# Sassy Turkey



## Corjack (Jan 29, 2015)

These SS knife blanks tear up a die about every time thread one, and I tried anealing them, but the SS needs to cool a bit slower than my facilities allow for. I screwed the tang up on this on, so I just cut it off an inch, than scored the heck out of the rat tail. Glued it up with West Systems, and then fitted a thin scrap of fine turkish walnut to cover the hole I had ore drilled for the tang. Must say these Sassafras sprouts I am using for handle material are distinctive looking, and a pleasure to work with.
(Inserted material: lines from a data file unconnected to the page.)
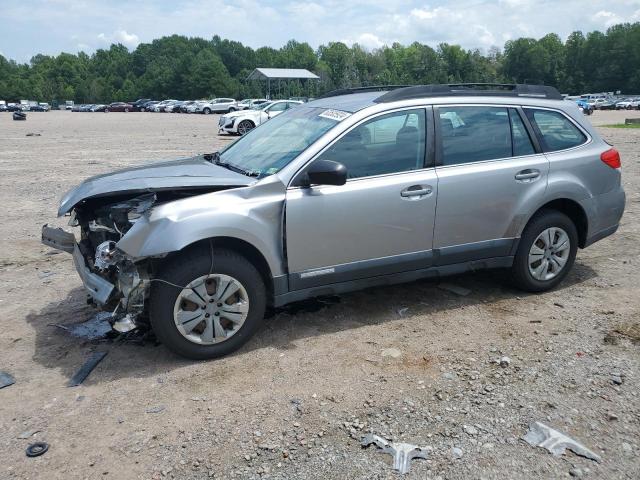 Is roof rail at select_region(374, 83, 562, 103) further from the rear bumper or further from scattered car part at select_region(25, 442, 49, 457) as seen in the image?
scattered car part at select_region(25, 442, 49, 457)

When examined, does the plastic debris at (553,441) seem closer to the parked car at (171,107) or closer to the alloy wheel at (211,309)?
the alloy wheel at (211,309)

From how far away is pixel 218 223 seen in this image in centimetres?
395

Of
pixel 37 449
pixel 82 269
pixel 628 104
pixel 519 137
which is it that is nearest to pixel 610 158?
pixel 519 137

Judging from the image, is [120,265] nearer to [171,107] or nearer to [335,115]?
[335,115]

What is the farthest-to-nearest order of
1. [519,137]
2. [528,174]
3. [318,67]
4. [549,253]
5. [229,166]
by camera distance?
[318,67], [549,253], [519,137], [528,174], [229,166]

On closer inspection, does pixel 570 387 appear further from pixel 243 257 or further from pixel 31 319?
pixel 31 319

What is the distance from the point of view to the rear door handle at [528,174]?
503cm

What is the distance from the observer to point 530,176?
5.07 m

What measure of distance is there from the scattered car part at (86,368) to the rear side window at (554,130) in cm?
420

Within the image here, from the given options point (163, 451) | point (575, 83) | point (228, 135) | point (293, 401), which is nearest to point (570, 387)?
point (293, 401)

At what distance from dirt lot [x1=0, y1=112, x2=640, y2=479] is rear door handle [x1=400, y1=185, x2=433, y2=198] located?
3.59 ft

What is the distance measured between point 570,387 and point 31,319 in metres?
4.32

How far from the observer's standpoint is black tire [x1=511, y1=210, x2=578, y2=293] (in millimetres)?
5199

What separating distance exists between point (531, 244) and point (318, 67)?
127 metres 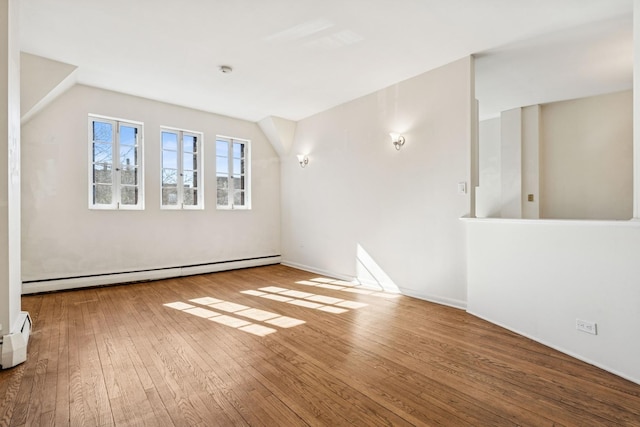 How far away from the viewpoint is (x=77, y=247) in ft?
14.5

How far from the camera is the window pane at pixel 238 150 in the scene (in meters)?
6.24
I have a good bit more drying right now, and intend to cut some more before the sap comes up in the spring. 




 

 

Am thinking of making Sassafras sprout handles my signiture handle material.

Reactions: Like 5 | EyeCandy! 1 | Way Cool 1


----------



## JR Parks (Jan 29, 2015)

Good looking knife Ron and sassafras is a cool wood.


----------



## manbuckwal (Jan 30, 2015)

Nice work


----------



## robert flynt (Jan 30, 2015)

Corjack said:


> These SS knife blanks tear up a die about every time thread one, and I tried anealing them, but the SS needs to cool a bit slower than my facilities allow for. I screwed the tang up on this on, so I just cut it off an inch, than scored the heck out of the rat tail. Glued it up with West Systems, and then fitted a thin scrap of fine turkish walnut to cover the hole I had ore drilled for the tang. Must say these Sassafras sprouts I am using for handle material are distinctive looking, and a pleasure to work with. I have a good bit more drying right now, and intend to cut some more before the sap comes up in the spring.
> 
> 
> View attachment 70287 View attachment 70288
> ...


Slot the end of the tang and silver soldier a piece of all thread in the slot with 45% silver soldier and you want have to thread the end of the tang. I use a 4" side grinder blade to slot the end of the tang.


----------



## Corjack (Jan 30, 2015)

I thought about trying that. What kind of Silver Solder do you use?


----------



## robert flynt (Jan 30, 2015)

Corjack said:


> I thought about trying that. What kind of Silver Solder do you use?


I use the kind that you can buy at the welding supply or refrigeration supply that is 45% silver. It is sold by the troy ounce and has a melting point of over 1100 deg.


----------